* DATA SECTION *
========
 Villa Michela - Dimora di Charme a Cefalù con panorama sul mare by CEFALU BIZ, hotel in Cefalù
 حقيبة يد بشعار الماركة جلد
========
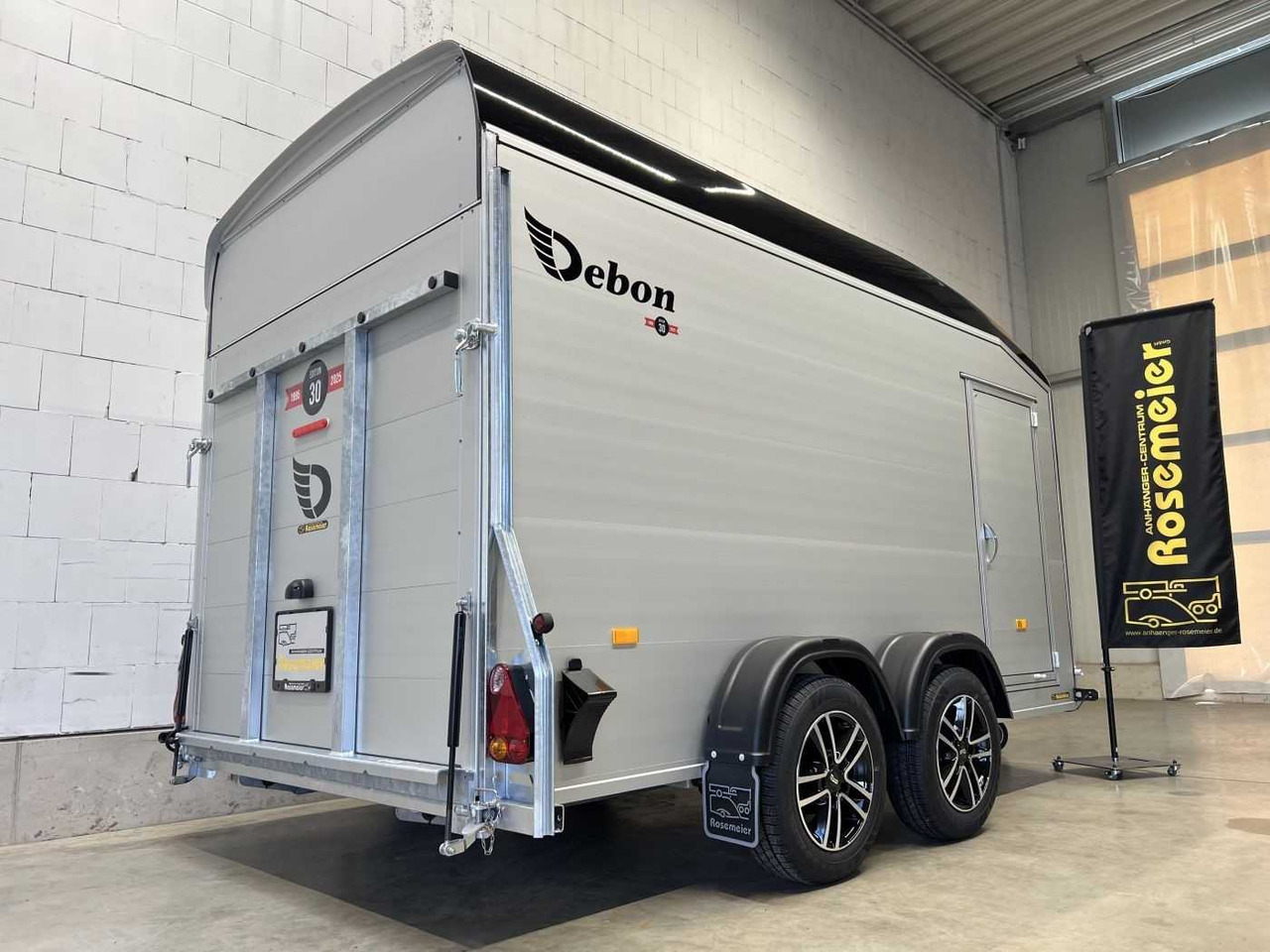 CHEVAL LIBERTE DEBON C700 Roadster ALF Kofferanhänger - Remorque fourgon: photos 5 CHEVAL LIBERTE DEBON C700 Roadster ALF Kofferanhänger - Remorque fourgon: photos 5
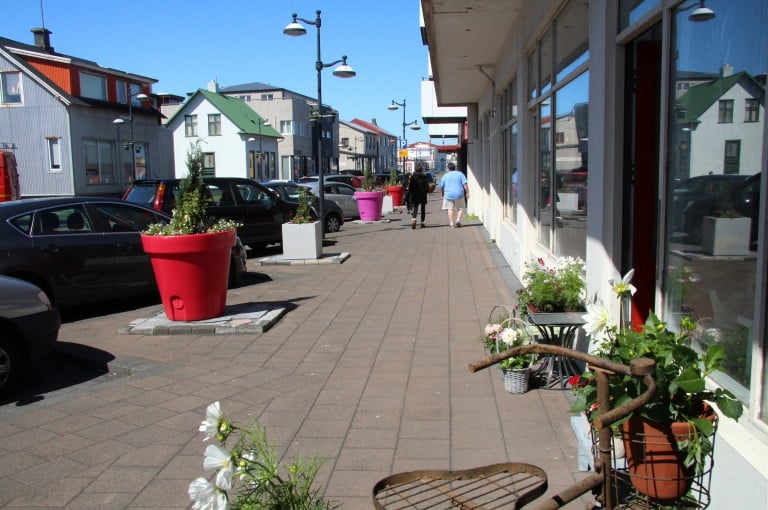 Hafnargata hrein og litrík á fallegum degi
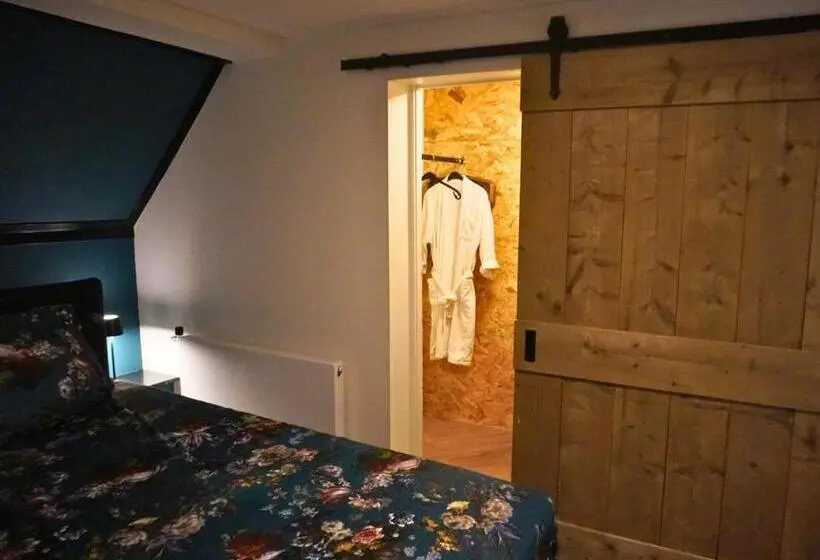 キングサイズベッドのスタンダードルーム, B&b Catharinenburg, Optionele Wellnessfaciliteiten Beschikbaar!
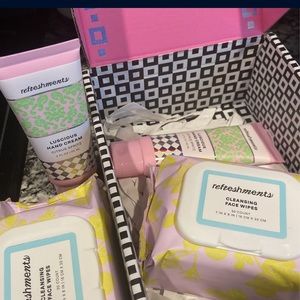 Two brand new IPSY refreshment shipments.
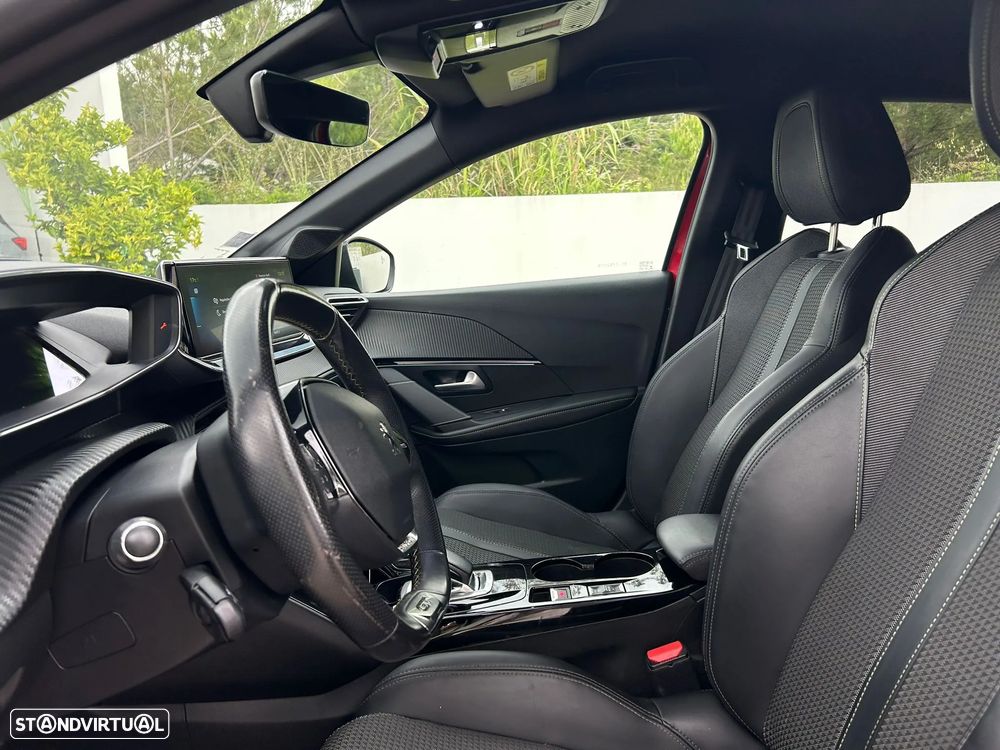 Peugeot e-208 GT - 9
========
* EXERCISE DESCRIPTION *
Among the lines above, repeat exactly those from the line with "Villa Michela - Dimora" to the line with "حقيبة يد بشعار الماركة جلد", counting both ends.

* YOUR SOLUTION *
 Villa Michela - Dimora di Charme a Cefalù con panorama sul mare by CEFALU BIZ, hotel in Cefalù
 حقيبة يد بشعار الماركة جلد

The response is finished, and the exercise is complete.